As observed with heterophils, monocytes isolated from supplement-fed chicks also had increased functional activity compared with those isolated from control-fed chicks (Figure 3). After stimulation with HKSE, higher levels of NO were observed. These data are in accordance with a report showing that in vitro administration of Nigella sativa seed extract increases NO production by monocytes (Elmowalid et al., 2013), indicating monocytes are sensitive to the immunostimulatory effects of diverse natural products. The monocytes in the present study were exposed to HKSE, therefore indicative of M1 activation because the response is directed toward eliminating a pathogenic threat, whereas a response more toward healing would be characterized as M2 activation (Italiani and Boraschi, 2014, Ley, 2017). We observed increased mRNA expression of IL1ß and IL10 in heterophils, as well as NO production in monocytes isolated from the peripheral blood, and similar results have been reported in a chicken-derived macrophage cell line (HD-11) after treatment with a natural feed additive (Han et al., 2017).
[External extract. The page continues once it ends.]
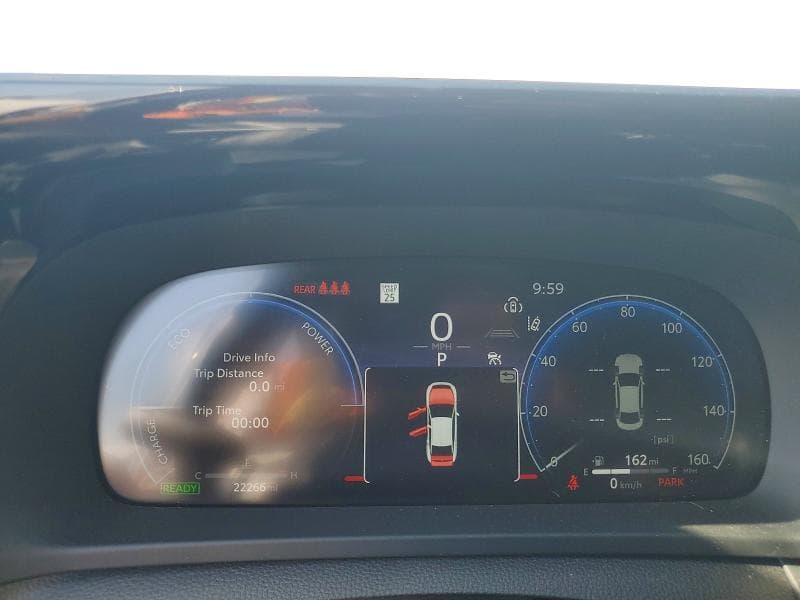 2025 TOYOTA CROWN XLE 9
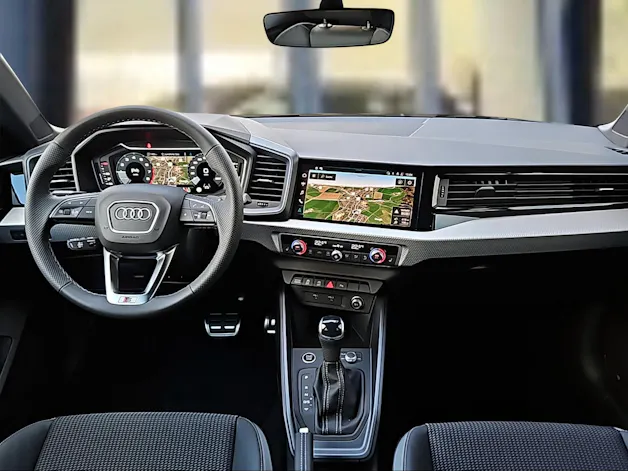 Audi A1 Sportback 30 TFSI S Line Attraction S-tronic Mythosschwarz Metallic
Athough outside the scope of the present study, there are reports that show NO production can impact monocyte and macrophage maturation and therefore may have an influence over subsequent macrophage populations residing in various tissues (Mills et al., 2000). Future studies could evaluate macrophage population in tissues from control and supplement-fed chickens to determine if all sub-sets are immunologically more responsive or if the enhanced function is limited to monocytes circulating in the peripheral blood as observed herein. As the innate immune response is critical for regulating acquired immunity (Iwasaki and Medzhitov, 2015), activation of monocytes and the subsequent impact on host signaling pathways may prove beneficial by producing a quick response against potential pathogens. Collectively, our data indicate that dietary supplementation of a microencapsulated blend containing organic acids and natural botanicals beginning at hatch provided immunological benefits to the young chicks by increasing the functional activity of PBL, including heterophils and monocytes.